Bernardo Mello Franco
O Globo
Para Fernando Henrique Cardoso, o Brasil se aproxima da eleição mergulhado num clima de ódio e de medo. O ex-presidente se diz assustado com a possibilidade de Jair Bolsonaro (PSL) chegar ao segundo turno. Neste caso, ele admite a hipótese de um acordo entre PSDB e PT, algo inédito desde 1989, quando os dois partidos se uniram contra Fernando Collor. “Não farei objeção a que o PT nos apoie.
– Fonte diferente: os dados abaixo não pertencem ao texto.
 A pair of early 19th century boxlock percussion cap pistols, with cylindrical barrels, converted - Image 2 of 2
Naturalmente, isso significa também que não haveria objeção ao contrário. Mas nós pensamos de forma diferente” — ressalta.
Aos 87 anos, FHC acaba de entrar no Twitter. O tucano promete usar o próprio celular para conversar com os eleitores. Na sexta, um jovem quis saber o que ele pensou quando o ex-jogador Vampeta deu cambalhotas no Palácio do Planalto. “Pensei que ele fosse cair da rampa!” — respondeu.
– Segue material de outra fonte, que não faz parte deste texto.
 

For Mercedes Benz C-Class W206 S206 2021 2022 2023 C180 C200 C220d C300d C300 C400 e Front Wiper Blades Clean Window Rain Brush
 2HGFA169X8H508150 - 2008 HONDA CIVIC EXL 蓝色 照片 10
Desde 1989, um candidato do PSDB não vai tão mal nas pesquisas. Por que Geraldo Alckmin não decola?
A mídia presta atenção em tudo o que é novo ou extravagante. Quando surgiu o Bolsonaro, eu disse: “Vai subir”. Até que o Geraldo ultrapasse a poeira, é difícil. Mas ele sempre ultrapassou. Em abril de 1994, eu virei candidato. Em maio, falei com a Ruth: “Vou desistir”. Eu tinha 12%, o Lula tinha 40%. As pessoas não acreditavam. Em agosto, comecei a crescer. Em outubro, ganhei no primeiro turno. É claro que tinha o Plano Real. Mas não é só o que você faz. É o que você fala. Tem que cacarejar.
Alckmin cacareja pouco?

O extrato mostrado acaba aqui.